Un Palais d’Épines et de Roses – Sarah J. MAAS

PRÉSENTATION DU LIVRE

⌧ CARACTÉRISTIQUES ⌧
Saga : Un Palais d’Épines et de Roses, Tome 1
Titre original : A Court of Thorns and Roses, Book 1
Autrice : Sarah J. MAAS
Éditeur : La Martinière Jeunesse
Parution : 09 Février 2017
Pagination : 528
Prix : 18,90 €
★ Romance – Fantasy ★

« En chassant dans les bois enneigés, Feyre voulait seulement nourrir sa famille. Mais elle a commis l’irréparable en tuant un Fae, et la voici emmenée de force à Prythian, royaume des immortels. Là-bas, pourtant, sa prison est un palais magnifique et son geôlier n’a rien d’un monstre.
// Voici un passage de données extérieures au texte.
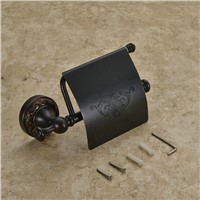 High quality bathroom accessories paper holders wall mounted Oil Rubbed Bronze paper holder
Tamlin, un Grand Seigneur Fae, la traite comme une princesse.
Et quel est ce mal qui ronge le royaume et risque de s’étendre à celui des mortels ? A l’évidence, Feyre n’est pas une simple prisonnière. Mais comment une jeune humaine d’origine aussi modeste pourrait-elle venir en aide à de si puissants seigneurs ? Sa liberté, en tout cas, semble être à ce prix. »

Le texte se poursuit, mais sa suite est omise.